Data
:::

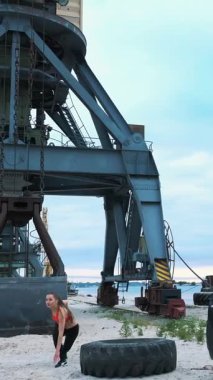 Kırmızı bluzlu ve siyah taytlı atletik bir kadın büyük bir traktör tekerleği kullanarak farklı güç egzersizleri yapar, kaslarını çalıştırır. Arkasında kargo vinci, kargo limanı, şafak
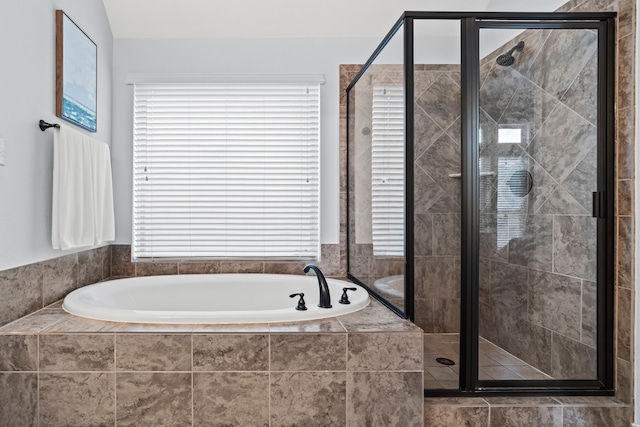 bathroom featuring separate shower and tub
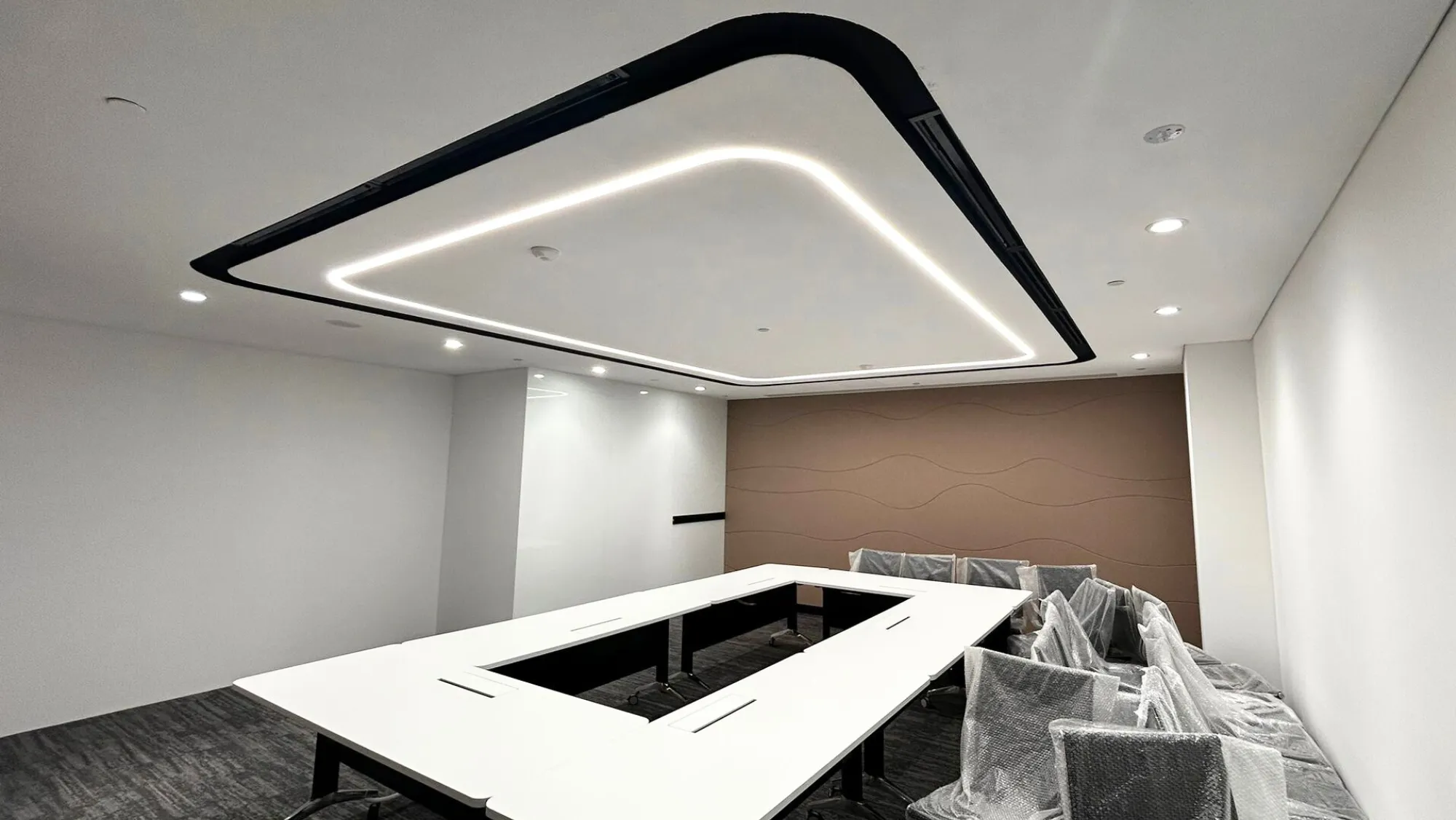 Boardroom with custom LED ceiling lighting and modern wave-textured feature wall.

:::

Task description
Pictures do not belong in the copy. Reproduce the rest of the data exactly.

Finished exercise
 Kırmızı bluzlu ve siyah taytlı atletik bir kadın büyük bir traktör tekerleği kullanarak farklı güç egzersizleri yapar, kaslarını çalıştırır. Arkasında kargo vinci, kargo limanı, şafak
 bathroom featuring separate shower and tub
 Boardroom with custom LED ceiling lighting and modern wave-textured feature wall.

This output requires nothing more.